**WHAT YOU NEED TO DO**
Your answer must be the lines of the material below, exactly as written, from its first line through the line with "So whenever a", and no pictures.

^^^^^^^^

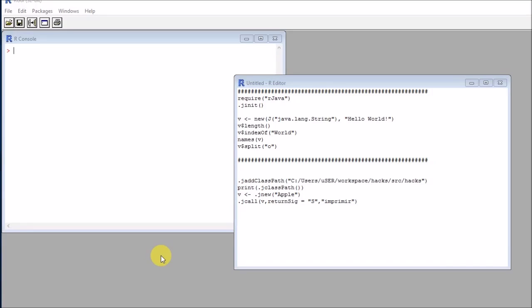We will see how we can define classes in Java and call them using the rJava package. By using this approach, we would be able to encapsulate a lot of our R code and variables inside consistent classes that we can call later.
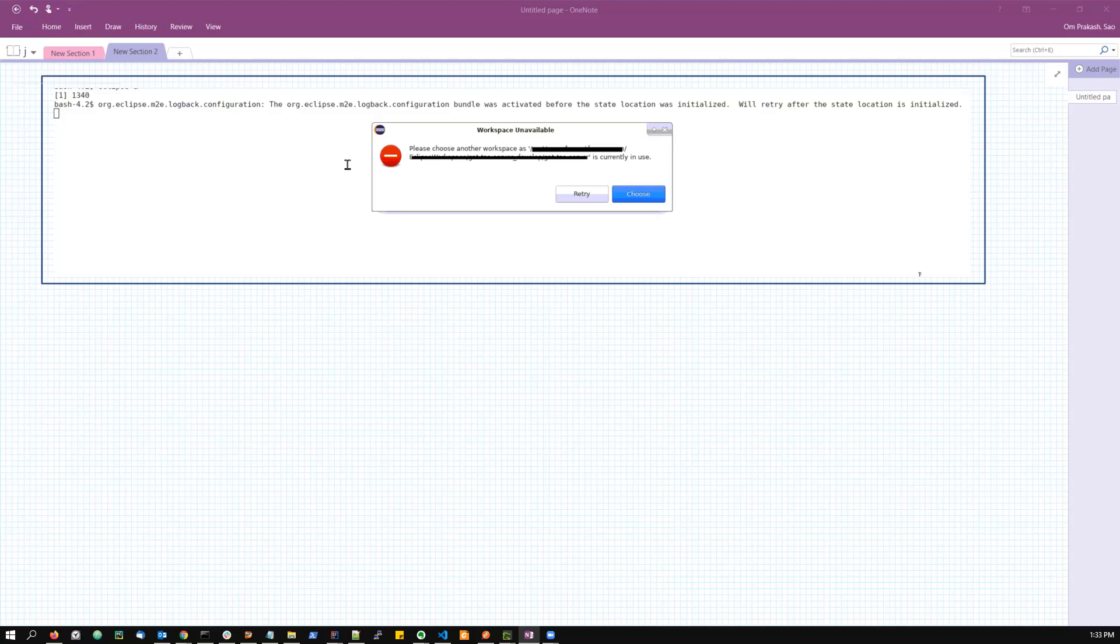So whenever a particular workspace is in use, there is that .lock file to tell that this particular workspace is already in use. If somebody else or if you yourself start a different instance of Eclipse and try to open the same workspace from another Eclipse, that will tell you that there is already a .lock file and it is already in use so you can't open it.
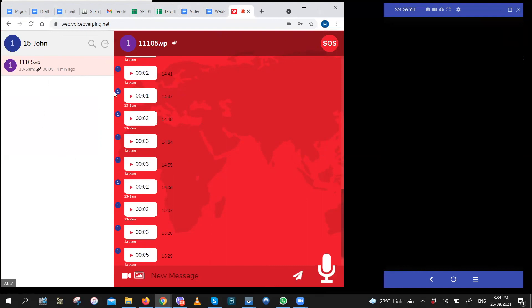And lastly, hold the PTT button down when you want to speak and release it when you want to send the message. It's that simple and straightforward.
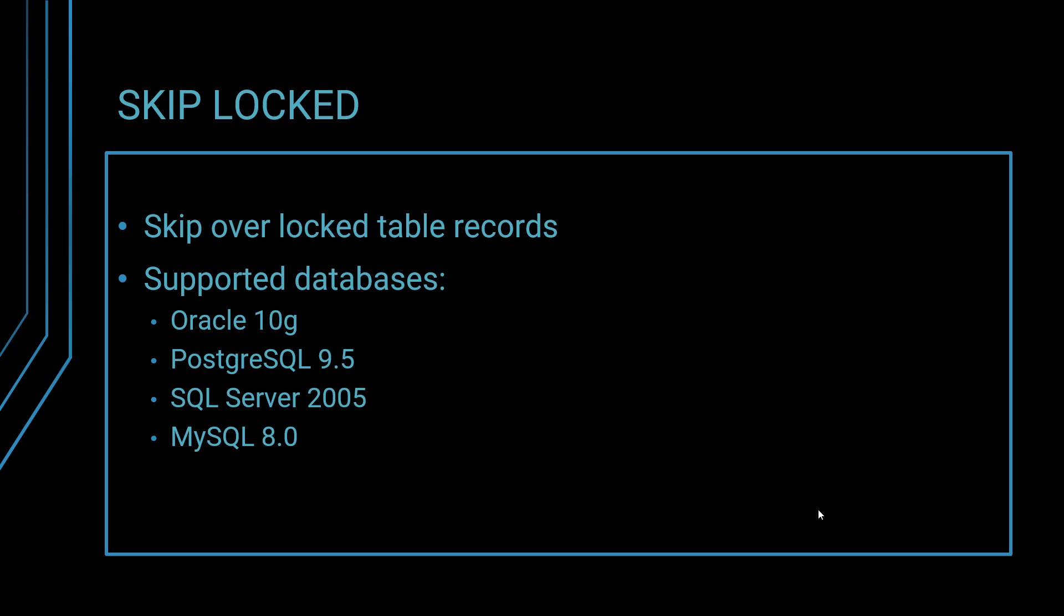There's another use case here, this is very useful, this skip locked. So in the case of skip locked, why do you need it?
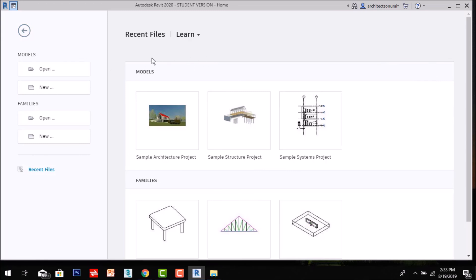Thanks for watching my video. This is my first video about how to install Revit successfully from the Autodesk website. In the next video, we will learn about the basic introduction to Revit and see a demo. We will cover all the basic tools used in Revit Architecture. If you like my video, please like and subscribe. Thanks for watching.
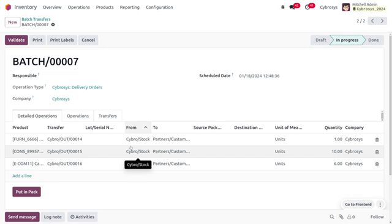This is how we manage batch transfer in Odoo 17. Hope this concept is clear for you — as always, stay awesome and thank you for watching.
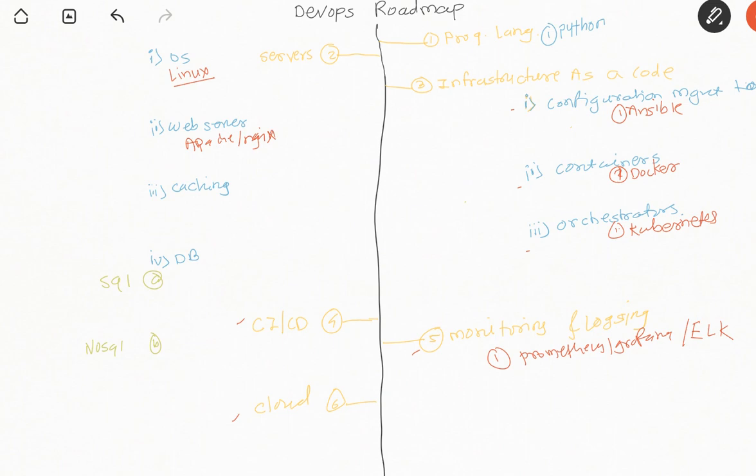If you talk about web servers, Apache and Nginx. In caching servers, you should be good at Redis and Memcache. In databases, for SQL databases, Oracle or MySQL are first choices. For NoSQL, MongoDB or Cassandra are the two databases required.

^^^^^^^^

**TASK SOLUTION**
We will see how we can define classes in Java and call them using the rJava package. By using this approach, we would be able to encapsulate a lot of our R code and variables inside consistent classes that we can call later.
So whenever a particular workspace is in use, there is that .lock file to tell that this particular workspace is already in use. If somebody else or if you yourself start a different instance of Eclipse and try to open the same workspace from another Eclipse, that will tell you that there is already a .lock file and it is already in use so you can't open it.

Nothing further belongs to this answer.